Describing his proposal as a “conditional deferral” of the new rules, Henry continued, “If there’s no appetite for that, then I don’t want to waste everybody’s time.”
“Then we should just move the motion,” Scott responded.
After more back and forth, a vote was finally taken.
Three ayes (Scott and his two appointees, Shea and Deputy DPW Director Matthew Garbark) and one nay (Henry).
“I’m going to abstain from this particular vote,” Mosby cheerfully announced to the board.
“It passes. So we’re moving on.”
Marilyn Mosby: I’m to Credit
In the wake of today’s vote, Marilyn Mosby claimed credit for the travel changes.
They developed as a result of “the inspector general’s inaccurate assertion that I violated city rules regarding travel,” she said in a statement from her office.
While repeating that she was not required to obtain approval for travel that was not paid for by the city, she said her travels were disclosed on her state ethics forms.
Here is Mosby’s full statement:
“The genesis of today’s vote was the Inspector General’s inaccurate assertion that I violated city rules regarding travel that was formally disclosed on all my ethics filings.

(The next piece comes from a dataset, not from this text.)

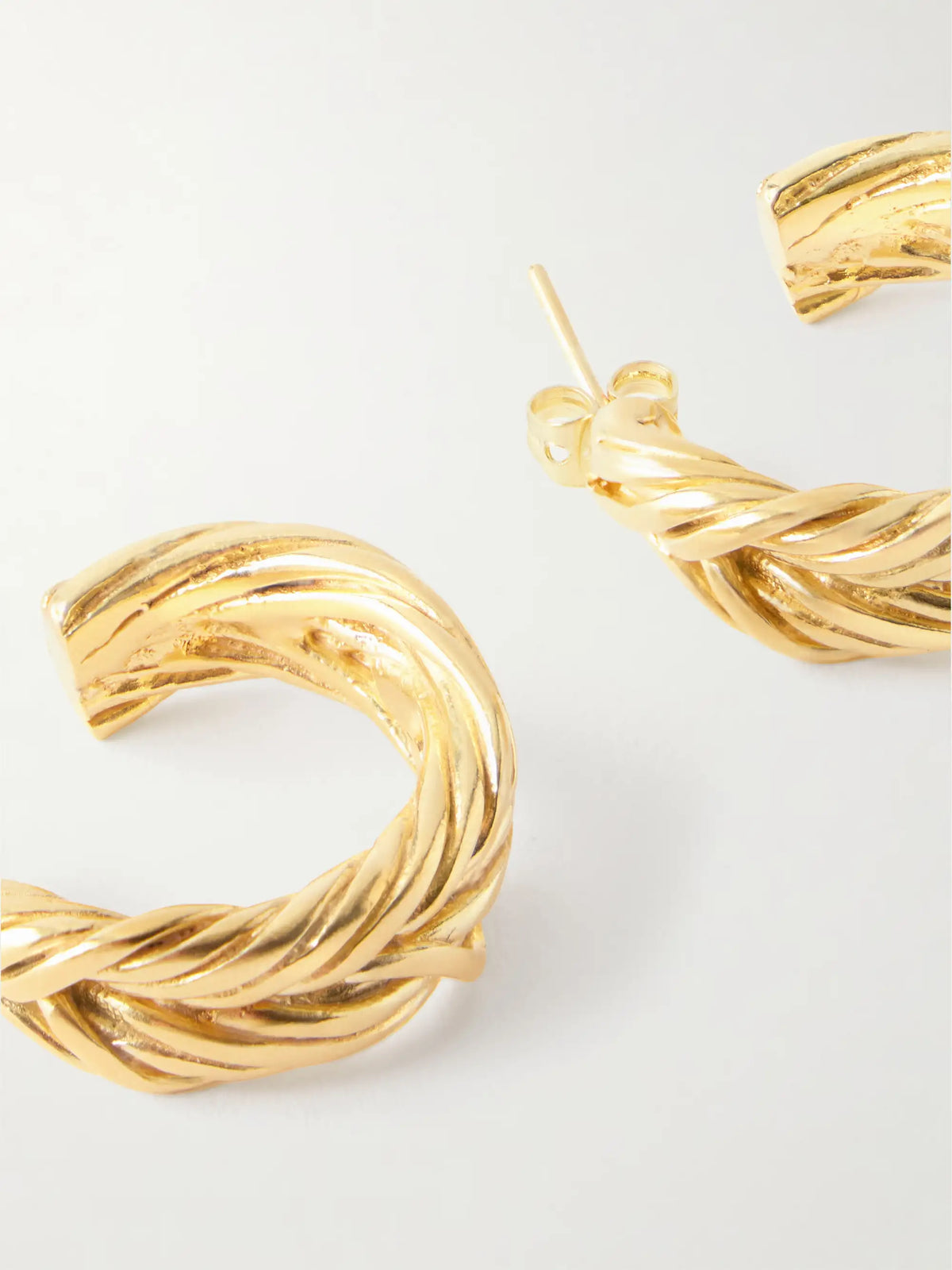 Thread Gold-plated Earrings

“Consistent with my concerns on the OIG’s faulty report, the city solicitor released an opinion stating that ‘there is nothing in the City Charter or the City Code that would require BOE approval of non-funded travel by an elected official.’
“As I have always disclosed all my work related travel, I am in support of the board’s decision to require city elected officials to formally do the same. Unfortunately, against her public promise, the OIG has yet to correct her report regarding this issue.”